童年
一九一四年十一月十六日,我出生在湖北黄安县(今红安)七里坪区秦罗庄。父亲秦辉显是个老实厚道的庄稼人,除了种田,还会一点篾匠手艺。母亲周氏,是个普通的家庭妇女。除了父母之外,家庭里的长辈还有我的伯父。伯父终身未娶,一直跟我们生活在一起。同父亲相比,伯父是一个更地道的农民。我的父亲读过几年书,又会点手艺活,田间劳动相对少了些。伯父是家中的主要劳动力。
平辈中,我有一个哥哥和一个姐姐。因为是幺儿,父母和伯父对我自然多了些疼爱,哥哥姐姐凡事也都让着三分。在我童年的记忆里,家庭生活是温暖的,虽然并不富裕,却洋溢着劳动之家纯朴和睦的气氛。

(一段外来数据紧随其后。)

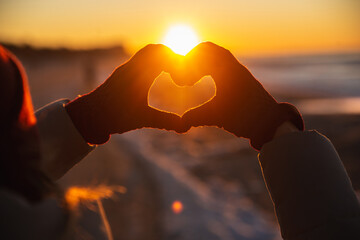 Woman hands in red winter gloves Heart symbol shaped Lifestyle, Winter Solstice and Feelings concept with sunset light nature on background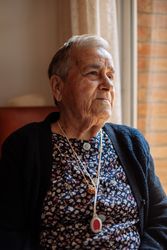 Older woman with personal alarm hanging from the neck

我的家乡秦罗庄,在黄安县的北部,是片风景秀丽的丘陵。村庄坐落在岗坡上,北倚老君山、天台山、雨台山,面向阳台山,西有龙王山,东眺光宇山。四周可谓群峰竞秀。在我家门前不远处,有一条东西走向的小溪,常年流水潺潺,春夏之交,梅雨连绵,水涨溪宽,鱼游虾戏,给我们这群乡野呀子带来不少新奇和乐趣。还值得一提的是,这条小溪河往东走,便汇入了稍大一点的盐店河,而盐店河流到七里坪,则融进了纵贯大别山区的倒水河。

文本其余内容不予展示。